WHAT IS REQUIRED — Retype the records below exactly as they stand, but with no images.

BEGIN

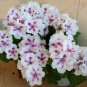 Geranium Purely White Petals Purple Spot Flower 10 pcs Seeds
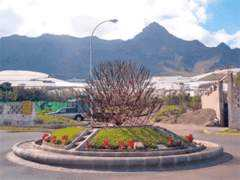 Julaga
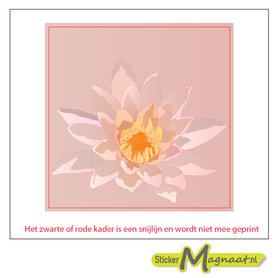 Tegelsticker lelie roze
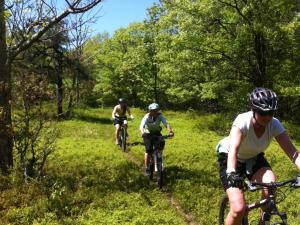 Round Top Trail Network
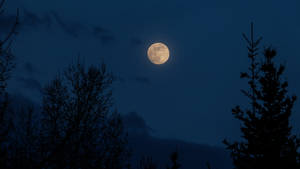 Hd Moon Above Forest Silhouette Wallpaper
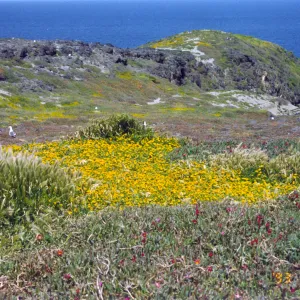 Seagulls on Anacapa Island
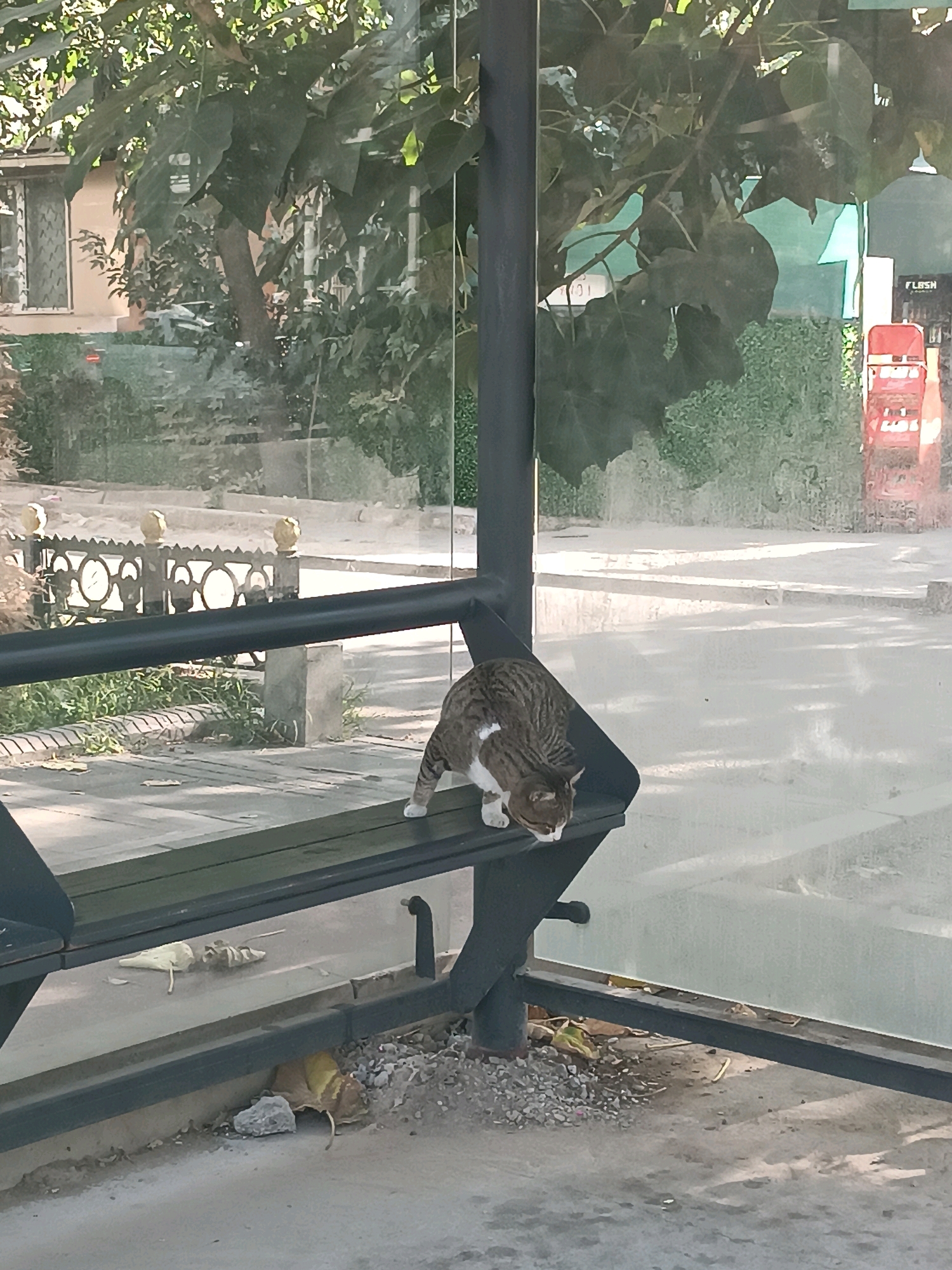 A tabby cat with white markings is perched on a metal bench at a bus stop in Tashkent, Uzbekistan. The cat is looking down, appearing to be sniffing or observing something on the bench. The bus stop has glass panels and a metal frame, with a tree casting shadows over the scene. In the background, there are buildings and vegetation. The ground around the bus stop is paved with some debris scattered on it. The image is taken from a slightly elevated perspective.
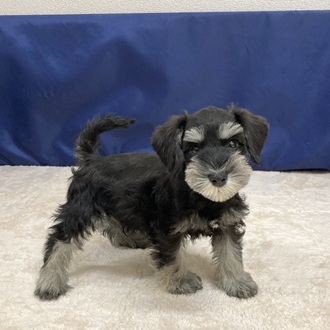 愛知県のミニチュアシュナウザー (犬の家＆猫の里一宮店/2025年9月29日生まれ/男の子/ブラックシルバー)の子犬の4枚目の画像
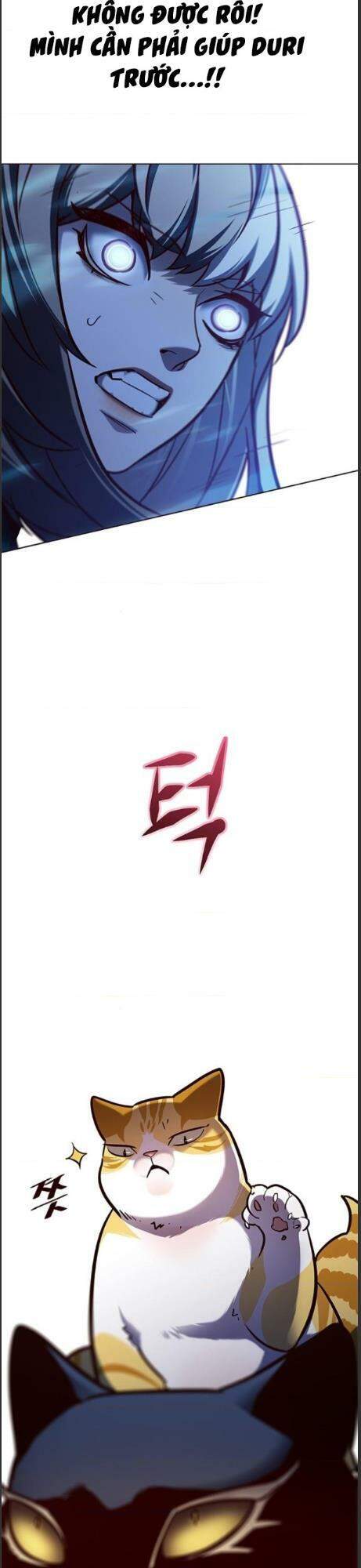 Hóa Thân Thành Mèo Chap 161 - Next Chap 162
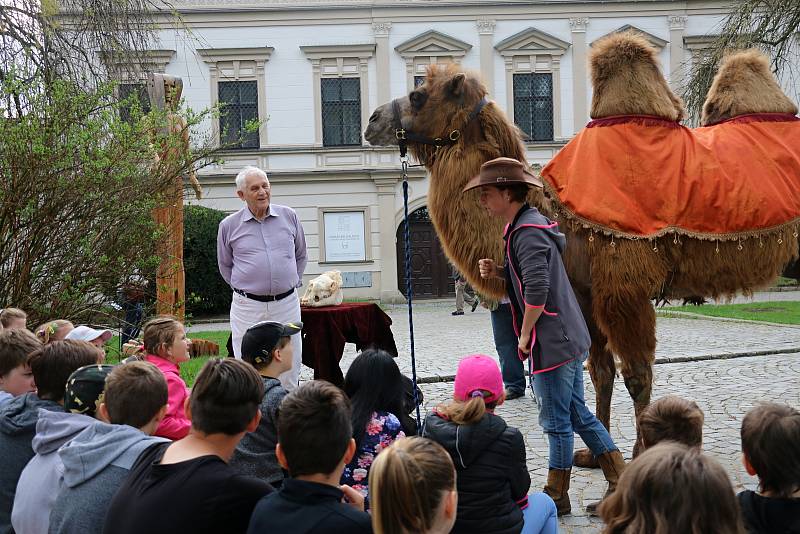 Pohladit si živého velblouda měli možnost dospělí i děti na Vratislavově náměstí.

END

RESPONSE —
 Geranium Purely White Petals Purple Spot Flower 10 pcs Seeds
 Julaga
 Tegelsticker lelie roze
 Round Top Trail Network
 Hd Moon Above Forest Silhouette Wallpaper
 Seagulls on Anacapa Island
 A tabby cat with white markings is perched on a metal bench at a bus stop in Tashkent, Uzbekistan. The cat is looking down, appearing to be sniffing or observing something on the bench. The bus stop has glass panels and a metal frame, with a tree casting shadows over the scene. In the background, there are buildings and vegetation. The ground around the bus stop is paved with some debris scattered on it. The image is taken from a slightly elevated perspective.
 愛知県のミニチュアシュナウザー (犬の家＆猫の里一宮店/2025年9月29日生まれ/男の子/ブラックシルバー)の子犬の4枚目の画像
 Hóa Thân Thành Mèo Chap 161 - Next Chap 162
 Pohladit si živého velblouda měli možnost dospělí i děti na Vratislavově náměstí.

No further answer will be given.